New Delhi, April 16: The BJP is unlikely to project a chief ministerial candidate in the Bihar Assembly polls and will stick to its Lok Sabha allies - the Lok Janshakti Party and the Rashtriya Lok Samata Party - instead of trying to enlarge the NDA.
The party's stand to reconcile to Jitan Ram Manjhi's decision to go solo was also a part of the broad contours of the BJP's strategy for the Bihar polls that emerged when party president Amit Shah was in Patna on April 14 and part of April 15 to address a workers' convention.
A central BJP leader from Bihar, who was in Patna during Shah's visit, said Shah spoke individually to as many as 40 leaders without the presence of the general secretary-cum-" prabhari" (minder), Bhupendra Yadav.
"The idea was to exchange views freely and share feedback candidly," the leader said.
Although the Janata fraternity's merger was not announced then, Shah factored the development in his calculations and felt that the BJP's tactic should be to "expose the chinks in the Janata's armour" and more importantly, cover its own flanks.

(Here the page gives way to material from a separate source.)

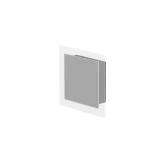 L-Acoustics SB10r Встраиваемый сабвуфер, 146 Вт., 10", IP55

A source admitted the party's main worry was contesting seats that were uncontested for the past 30 years (after the alliance with the Samata Party and later, the Janata Dal United, was cemented), figuring out the caste equations in them and seeking out the "right" nominees.
The second source of bother was how allies Ram Vilas Paswan and Upendra Kushwaha would conduct the seat-sharing negotiations.

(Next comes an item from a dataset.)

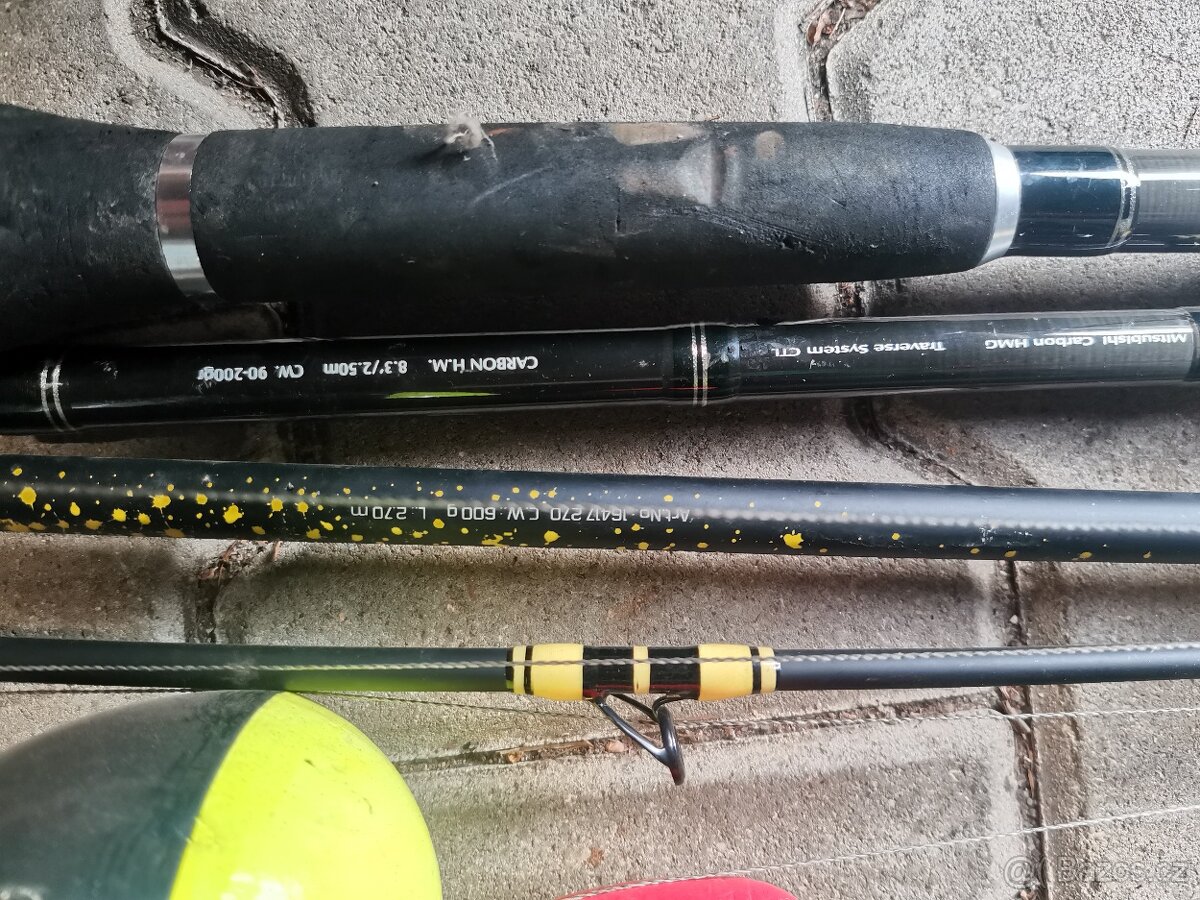 Kaprarina, sumcarina, privlac, fidr - 3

Last, after Dal (United) rebel Manjhi announced his new party would contest all the 243 Assembly seats and virtually shut the door for an alliance/understanding on the BJP, the party reconciled itself to the inevitability for life without Manjhi but was still grappling with what that meant. "What shape Manjhi's independent politics takes is something we must watch closely," a BJP source said.

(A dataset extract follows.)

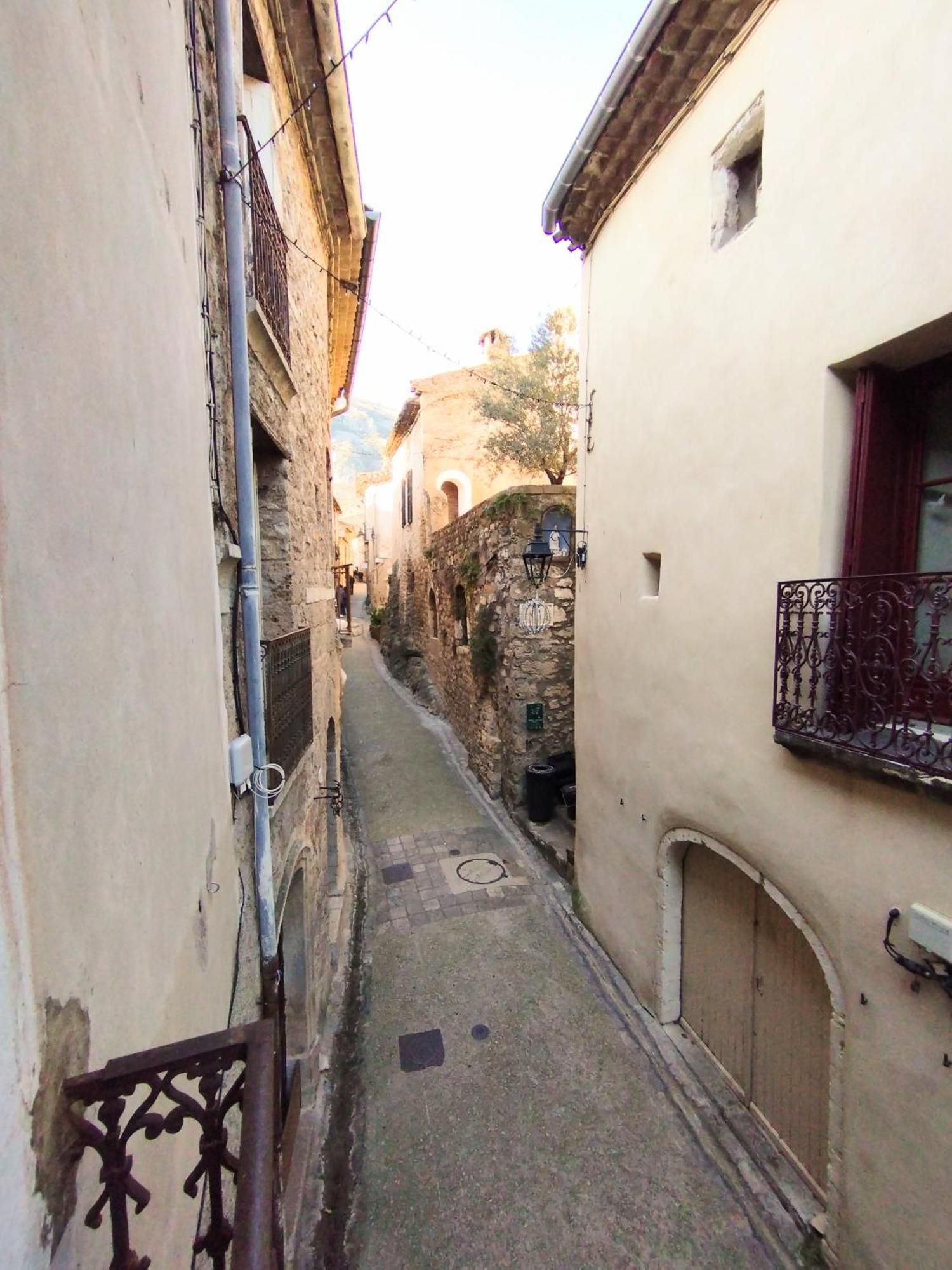 Les Studios De St Guilhem Сен-Гийём-ле-Дезер Экстерьер фото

Those in the BJP who had interacted with the Mahadalit leader recently claimed to being "reassured" by Manjhi's statement that his first priority was defeating Nitish Kumar. But some of the party's local leaders stressed to Shah it was "important" to keep Manjhi by his side and give an impression that the BJP was "Mahadalit-friendly". "The leaders said he had awakened a sense of self-respect among the Mahadalits like Lalu Prasad had among the backward castes years ago and, therefore, ideally some modality of partnership with him should be explored," a source said.
Among the other possible elements in the BJP's Bihar blueprint were foregrounding Narendra Modi. The BJP had put him in front in the Assembly elections that were held after the Lok Sabha polls except in Delhi where it had gambled with an "outsider", Kiran Bedi, and failed. "Our pitch will be juxtaposing our achievements at the Centre and in Bihar with Nitish's and allowing people to judge whose record is better," a source said.
The BJP seemed to be convinced that Modi still clicked among the backward castes. In his Bihar Lok Sabha poll campaign, Modi had referred to his backward caste origin a couple of times. "In the process, he connected well with them," the source said.
The BJP would project that the Nitish of 2015 was not the Nitish of 2005 and 2010, when he was the BJP's partner in the elections. "He should realise the pro-Nitish elements always saw the BJP as his natural ally," the source said.
It would play on people's perceived "fears" about the return of Lalu via Nitish. "The mention of Lalu is unnerving them. He is like Ajit Jogi in Chhattisgarh. Utter his name and people get put off," the source said.
Caution
Union minister Upendra Kushwaha - the chief of the BJP's ally RLSP - today cautioned the BJP against taking the Janata parivar merger lightly. He said in Patna Lalu and Nitish together was a force to reckon with in Bihar.